• **Exercise goal**
Return all of the material, keeping each line exactly as it is.

• **Supplied information**
○ ○ ○ ○
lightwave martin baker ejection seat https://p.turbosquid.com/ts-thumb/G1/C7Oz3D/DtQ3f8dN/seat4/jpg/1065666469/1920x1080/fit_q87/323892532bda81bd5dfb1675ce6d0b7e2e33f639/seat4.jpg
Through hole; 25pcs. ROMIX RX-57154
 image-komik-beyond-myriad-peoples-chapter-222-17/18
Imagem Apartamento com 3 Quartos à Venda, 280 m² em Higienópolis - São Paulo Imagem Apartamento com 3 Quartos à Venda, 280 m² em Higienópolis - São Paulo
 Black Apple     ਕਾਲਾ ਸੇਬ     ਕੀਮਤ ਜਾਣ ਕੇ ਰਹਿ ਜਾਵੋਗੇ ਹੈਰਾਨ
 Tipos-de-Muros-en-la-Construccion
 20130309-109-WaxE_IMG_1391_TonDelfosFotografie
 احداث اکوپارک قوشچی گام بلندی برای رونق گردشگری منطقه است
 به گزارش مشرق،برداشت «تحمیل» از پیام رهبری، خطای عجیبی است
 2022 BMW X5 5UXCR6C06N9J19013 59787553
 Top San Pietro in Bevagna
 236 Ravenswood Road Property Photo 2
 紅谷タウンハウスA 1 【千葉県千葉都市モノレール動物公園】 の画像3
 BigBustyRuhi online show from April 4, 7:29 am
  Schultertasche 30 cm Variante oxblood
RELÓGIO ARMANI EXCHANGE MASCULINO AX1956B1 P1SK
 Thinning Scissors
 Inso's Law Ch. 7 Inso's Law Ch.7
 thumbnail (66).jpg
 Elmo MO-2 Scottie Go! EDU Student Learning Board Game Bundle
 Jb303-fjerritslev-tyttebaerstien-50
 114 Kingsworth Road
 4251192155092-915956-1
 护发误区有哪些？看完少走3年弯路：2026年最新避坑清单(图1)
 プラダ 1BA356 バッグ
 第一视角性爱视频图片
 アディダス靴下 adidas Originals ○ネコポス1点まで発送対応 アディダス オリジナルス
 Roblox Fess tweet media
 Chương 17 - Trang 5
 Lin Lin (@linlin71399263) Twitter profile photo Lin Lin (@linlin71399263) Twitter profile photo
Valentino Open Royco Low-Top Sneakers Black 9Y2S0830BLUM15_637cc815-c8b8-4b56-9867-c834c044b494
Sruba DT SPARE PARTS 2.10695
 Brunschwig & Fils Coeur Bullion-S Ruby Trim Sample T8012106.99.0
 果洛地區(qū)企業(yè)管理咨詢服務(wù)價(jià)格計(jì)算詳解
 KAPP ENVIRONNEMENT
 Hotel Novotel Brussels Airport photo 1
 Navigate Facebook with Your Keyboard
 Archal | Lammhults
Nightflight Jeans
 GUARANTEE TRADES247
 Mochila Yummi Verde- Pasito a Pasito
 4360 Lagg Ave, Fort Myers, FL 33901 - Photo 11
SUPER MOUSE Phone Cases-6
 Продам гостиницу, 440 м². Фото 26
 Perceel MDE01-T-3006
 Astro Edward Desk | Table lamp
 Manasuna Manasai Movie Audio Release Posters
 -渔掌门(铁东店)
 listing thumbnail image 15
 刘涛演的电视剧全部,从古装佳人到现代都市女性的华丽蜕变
○ ○ ○ ○
• **Task output**
lightwave martin baker ejection seat https://p.turbosquid.com/ts-thumb/G1/C7Oz3D/DtQ3f8dN/seat4/jpg/1065666469/1920x1080/fit_q87/323892532bda81bd5dfb1675ce6d0b7e2e33f639/seat4.jpg
Through hole; 25pcs. ROMIX RX-57154
 image-komik-beyond-myriad-peoples-chapter-222-17/18
Imagem Apartamento com 3 Quartos à Venda, 280 m² em Higienópolis - São Paulo Imagem Apartamento com 3 Quartos à Venda, 280 m² em Higienópolis - São Paulo
 Black Apple     ਕਾਲਾ ਸੇਬ     ਕੀਮਤ ਜਾਣ ਕੇ ਰਹਿ ਜਾਵੋਗੇ ਹੈਰਾਨ
 Tipos-de-Muros-en-la-Construccion
 20130309-109-WaxE_IMG_1391_TonDelfosFotografie
 احداث اکوپارک قوشچی گام بلندی برای رونق گردشگری منطقه است
 به گزارش مشرق،برداشت «تحمیل» از پیام رهبری، خطای عجیبی است
 2022 BMW X5 5UXCR6C06N9J19013 59787553
 Top San Pietro in Bevagna
 236 Ravenswood Road Property Photo 2
 紅谷タウンハウスA 1 【千葉県千葉都市モノレール動物公園】 の画像3
 BigBustyRuhi online show from April 4, 7:29 am
  Schultertasche 30 cm Variante oxblood
RELÓGIO ARMANI EXCHANGE MASCULINO AX1956B1 P1SK
 Thinning Scissors
 Inso's Law Ch. 7 Inso's Law Ch.7
 thumbnail (66).jpg
 Elmo MO-2 Scottie Go! EDU Student Learning Board Game Bundle
 Jb303-fjerritslev-tyttebaerstien-50
 114 Kingsworth Road
 4251192155092-915956-1
 护发误区有哪些？看完少走3年弯路：2026年最新避坑清单(图1)
 プラダ 1BA356 バッグ
 第一视角性爱视频图片
 アディダス靴下 adidas Originals ○ネコポス1点まで発送対応 アディダス オリジナルス
 Roblox Fess tweet media
 Chương 17 - Trang 5
 Lin Lin (@linlin71399263) Twitter profile photo Lin Lin (@linlin71399263) Twitter profile photo
Valentino Open Royco Low-Top Sneakers Black 9Y2S0830BLUM15_637cc815-c8b8-4b56-9867-c834c044b494
Sruba DT SPARE PARTS 2.10695
 Brunschwig & Fils Coeur Bullion-S Ruby Trim Sample T8012106.99.0
 果洛地區(qū)企業(yè)管理咨詢服務(wù)價(jià)格計(jì)算詳解
 KAPP ENVIRONNEMENT
 Hotel Novotel Brussels Airport photo 1
 Navigate Facebook with Your Keyboard
 Archal | Lammhults
Nightflight Jeans
 GUARANTEE TRADES247
 Mochila Yummi Verde- Pasito a Pasito
 4360 Lagg Ave, Fort Myers, FL 33901 - Photo 11
SUPER MOUSE Phone Cases-6
 Продам гостиницу, 440 м². Фото 26
 Perceel MDE01-T-3006
 Astro Edward Desk | Table lamp
 Manasuna Manasai Movie Audio Release Posters
 -渔掌门(铁东店)
 listing thumbnail image 15
 刘涛演的电视剧全部,从古装佳人到现代都市女性的华丽蜕变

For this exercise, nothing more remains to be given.